Jeder Arbeitnehmer hat Anspruch auf ein Arbeitszeugnis
Für alle Arbeitnehmer gilt § 109 Gewerbeordnung (GewO). Danach ist der Arbeitgeber verpflichtet, bei Beendigung des Arbeitsverhältnisses ein schriftliches Zeugnis auszustellen.
§ 109 Zeugnis
(1) Der Arbeitnehmer hat bei Beendigung eines Arbeitsverhältnisses Anspruch auf ein schriftliches Zeugnis. Das Zeugnis muss mindestens Angaben zu Art und Dauer der Tätigkeit (einfaches Zeugnis) enthalten.

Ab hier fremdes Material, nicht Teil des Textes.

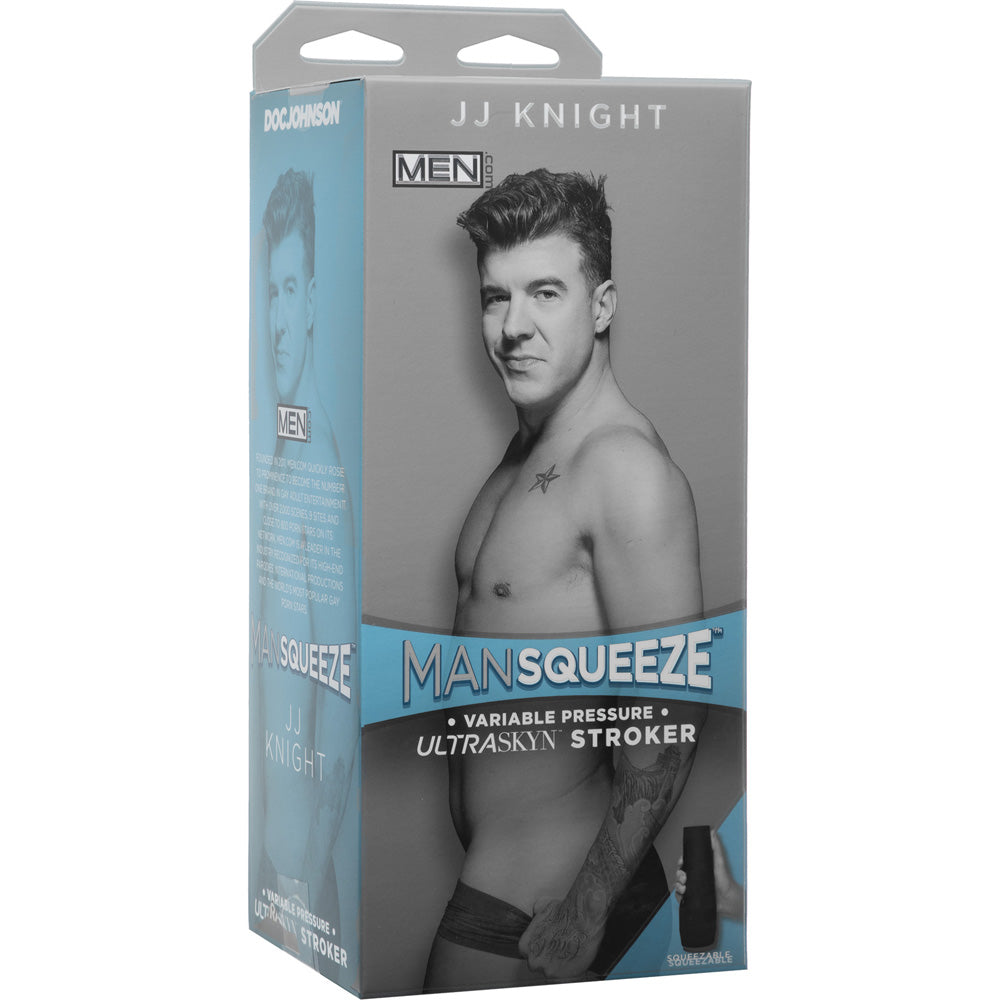 Man Squeeze JJ Knight Ultraskyn Stroker Ass | 782421075330 | Discreet Personal Wellness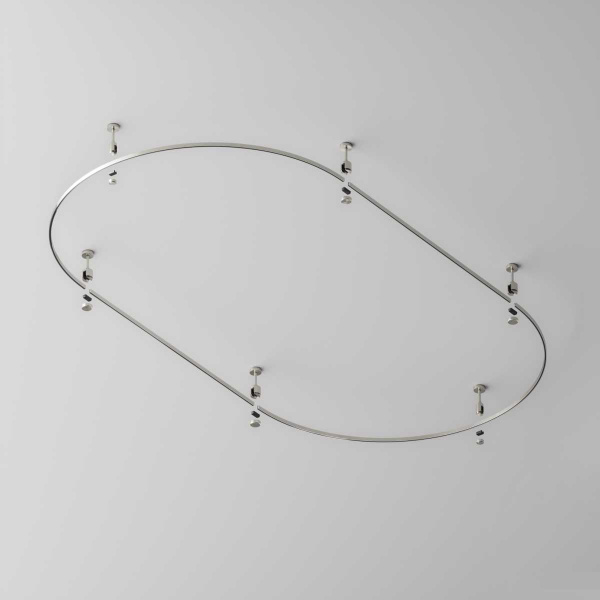 Шинопровод накладной/подвесной Maytoni Technical TRX154-2SR-D1200-PT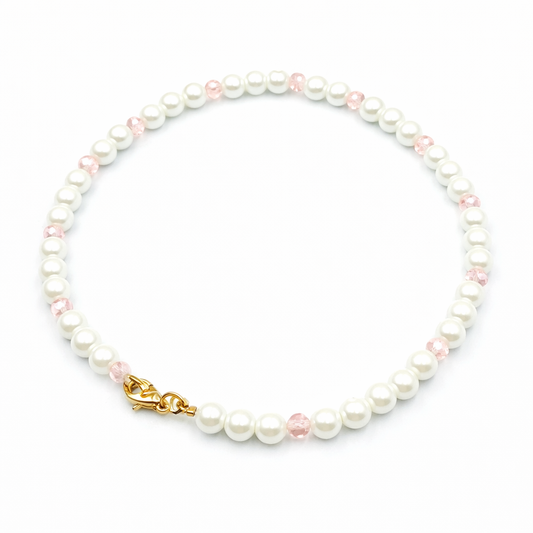 Jewelry collar brown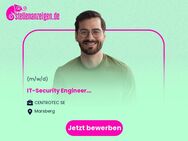 IT-Security Engineer (m/w/d) - Herzberg (Harz)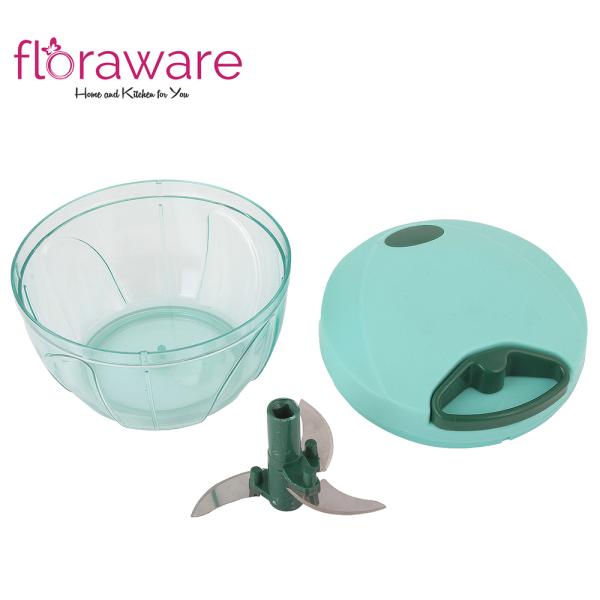 Floraware Green Plastic Vegetable Handy Chopper JioMart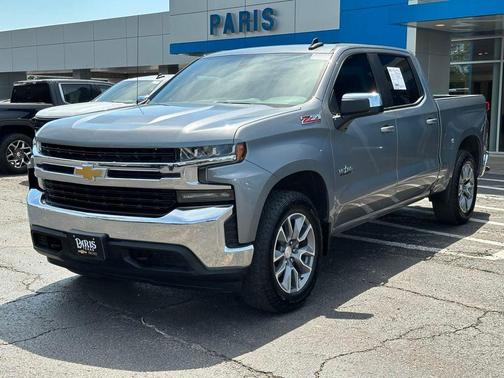 Satin Steel Metallic 2022 Chevrolet Silverado 1500 Limited 1LT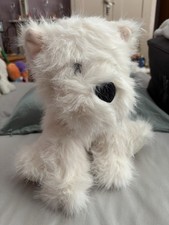 Sainsburys Dog Plush Westie Terrier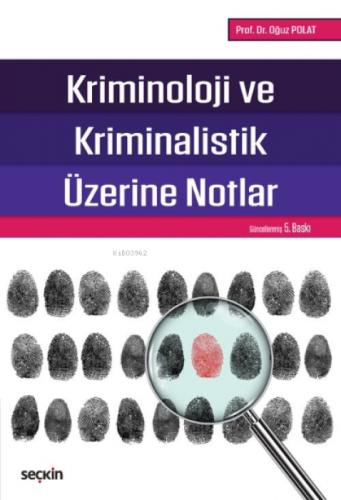 Kriminoloji ve Kriminalistik Üzerine Notlar  Frontansicht 1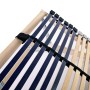 Rete a Doghe 7 Zone con 42 Doghe 80x200 cm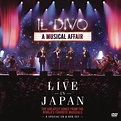 Il Divo: A Musical Affair: Live in Japan | CD/DVD Album | Free shipping ...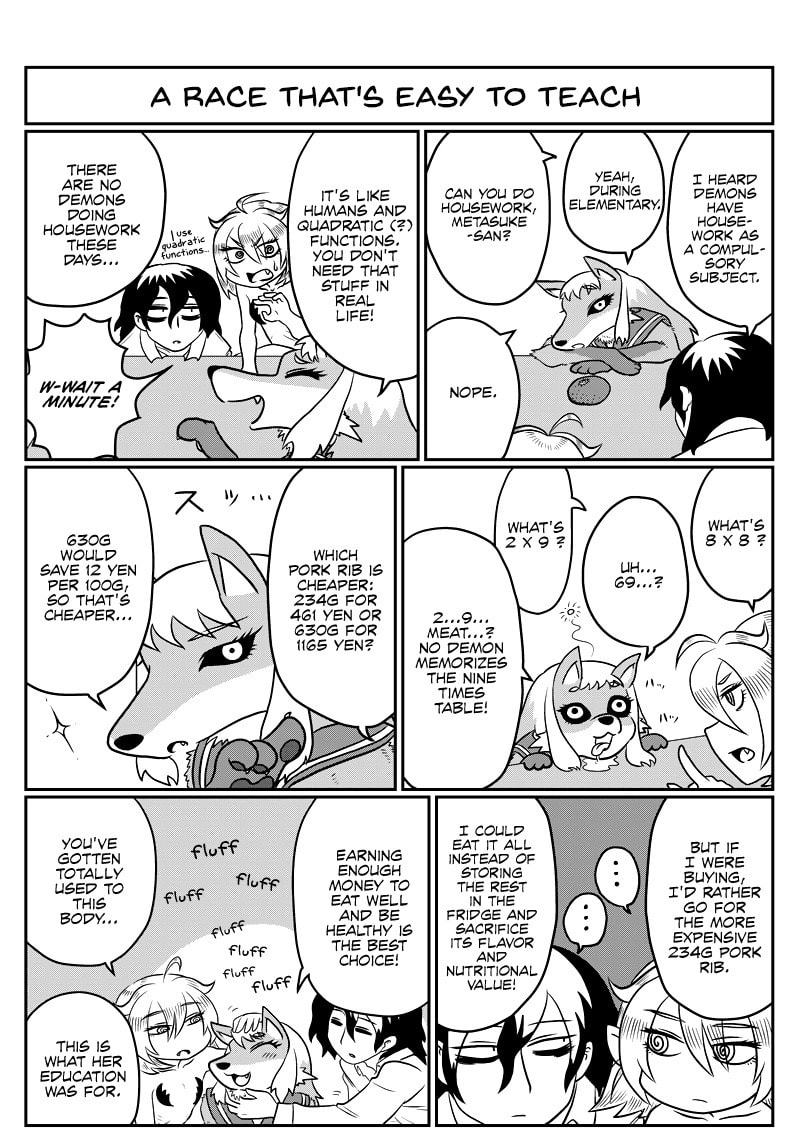 Yuuutsu to Succubus-san Chapter 56 page 2 - 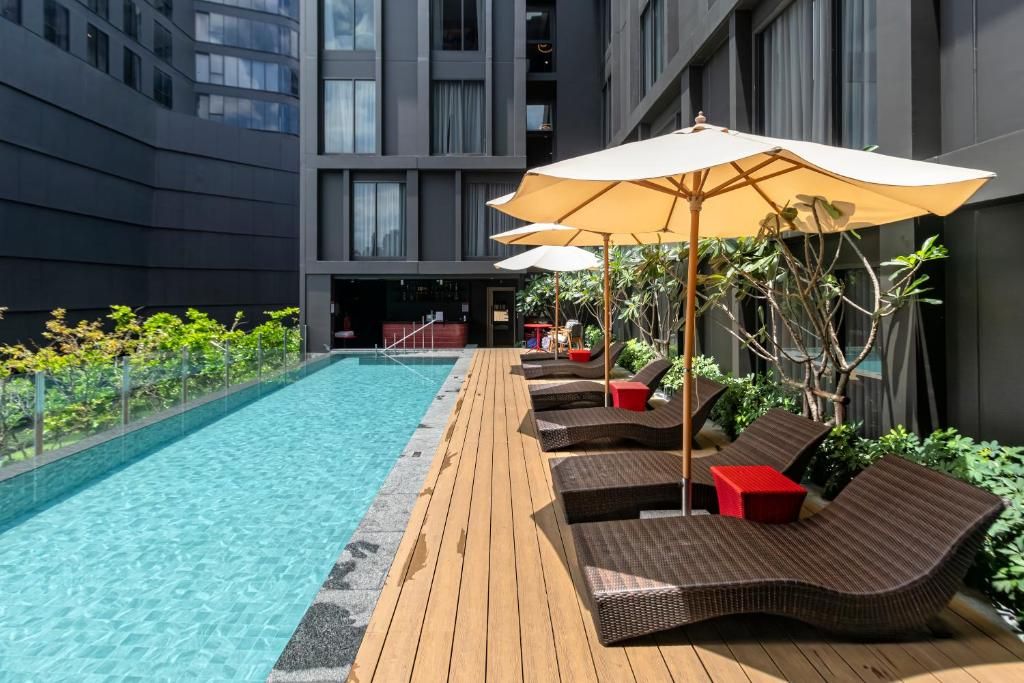 Oakwood Studios Sukhumvit Bangkok фото 6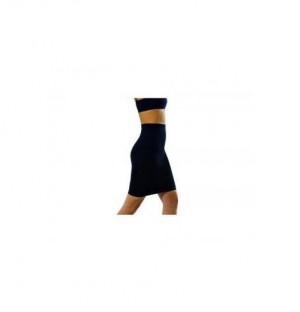 Falda Moldeadora - Medilast (1 Unidad Talla M Color Negro)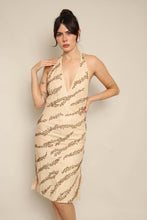 Y2K Emanuel Ungaro Studded Leather Dress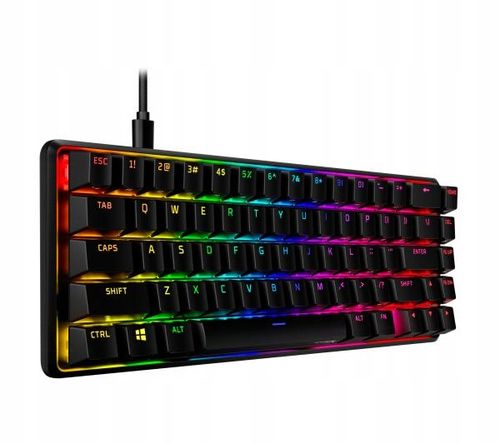 Klawiatura HyperX Alloy Origins 65 (Red switch) na Arena.pl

Der Arbeitnehmer kann verlangen, dass sich die Angaben darüber hinaus auf Leistung und Verhalten im Arbeitsverhältnis (qualifiziertes Zeugnis) erstrecken.
(2) Das Zeugnis muss klar und verständlich formuliert sein. Es darf keine Merkmale oder Formulierungen enthalten, die den Zweck haben, eine andere als aus der äußeren Form oder aus dem Wortlaut ersichtliche Aussage über den Arbeitnehmer zu treffen.
(3) Die Erteilung des Zeugnisses in elektronischer Form ist ausgeschlossen.
Ein Arbeitgeber ist nicht verpflichtet, ein Arbeitszeugnis in einer ganz bestimmten Form zu erstellen. Ein Mitarbeiter kann aber verlangen, dass sein Arbeitszeugnis
- ordentlich und sauber
- im Format DIN A 4
- mit Schreibmaschine oder PC
- auf Geschäftspapier erstellt wird (siehe oben).
Bei Rechtschreib- und Grammatikfehlern hat der Arbeitnehmer einen Anspruch auf Berichtigung des Zeugnisses.